White-collar worker number to be reduced
Salaried workers will receive the company's regular severance, not a buyout.
By DON SHILLING
VINDICATOR BUSINESS EDITOR
Delphi Corp. is evaluating its number of salaried workers and expects reductions over the next several months.
Rochelle Valdez, a company spokeswoman, said the white-collar workers who aren't needed will not receive buyout and early-retirement incentives as union workers did. Instead, they will receive the company's normal severance pay, which is based on years of service.
Company executives are studying where to make cuts, and those actions will be taken in the coming months, Valdez said.
She noted that Delphi said last March that it planned to cut its salaried staff in North America by 8,500, or 25 percent.
Delphi Packard Electric, a Delphi division based in Warren, had about 1,200 salaried workers at the time.

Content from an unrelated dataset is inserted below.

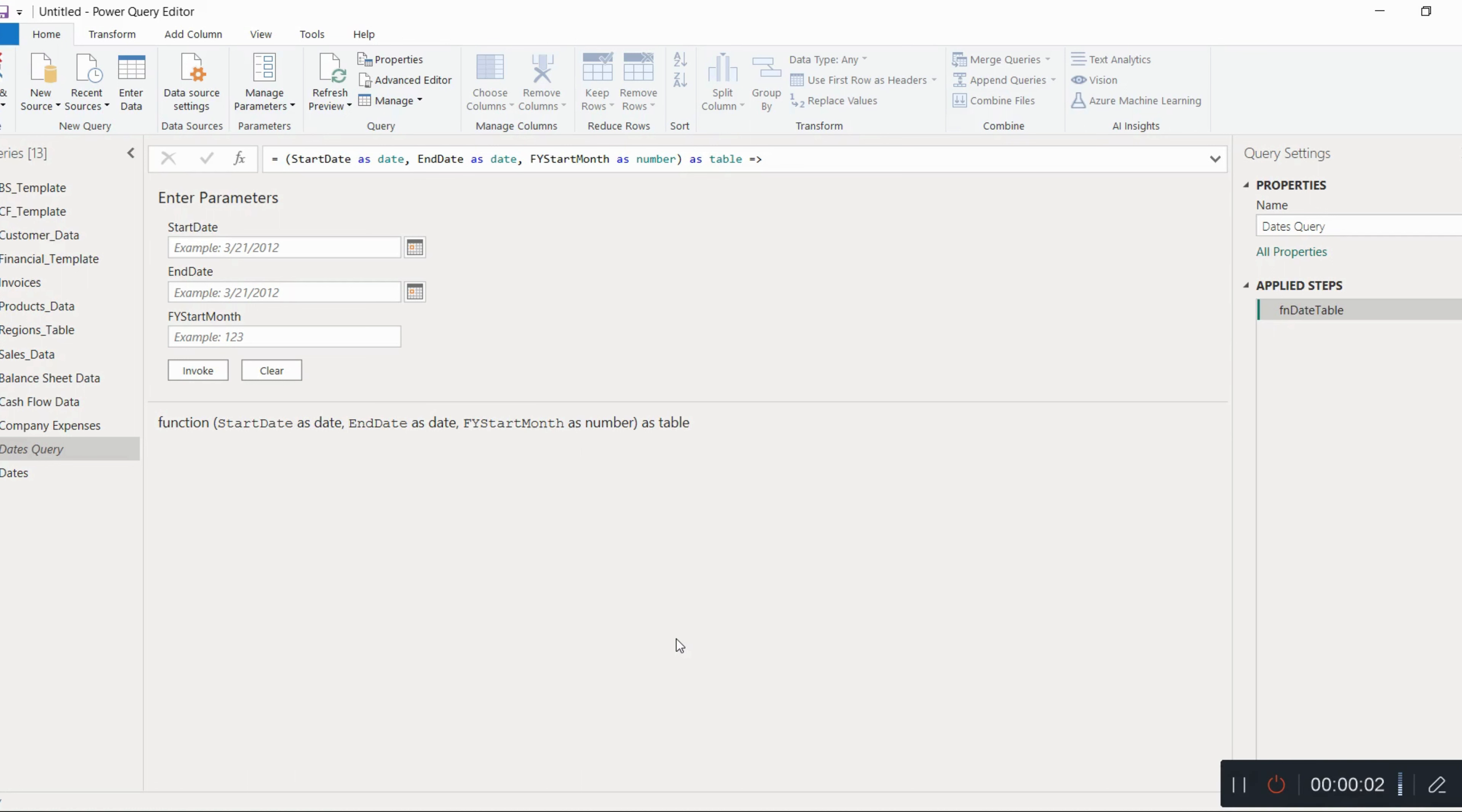Hello friends, welcome to this new video. In this video we're going to learn what different transformations you have to do after loading the data while working on this particular project on financial statements or financial reports.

A union official said he expects Packard to tremendously reduce its white-collar staff.
Here's the situation
Mike O'Donnell, shop chairman of Local 717 of the International Union of Electrical Workers, said fewer salaried workers are needed because large parts of Packard's manufacturing plants are vacant or soon will be as the company shifts work to other countries.
He said he's been hearing that Packard will be making cuts in salaried jobs soon.
The union's membership was trimmed last year from 3,000 to 659.
Delphi offered union workers with 30 or more years of service a 35,000 payment and the ability to retire with a pension and health care. Younger workers left the company with payments of either 70,000 or 140,000.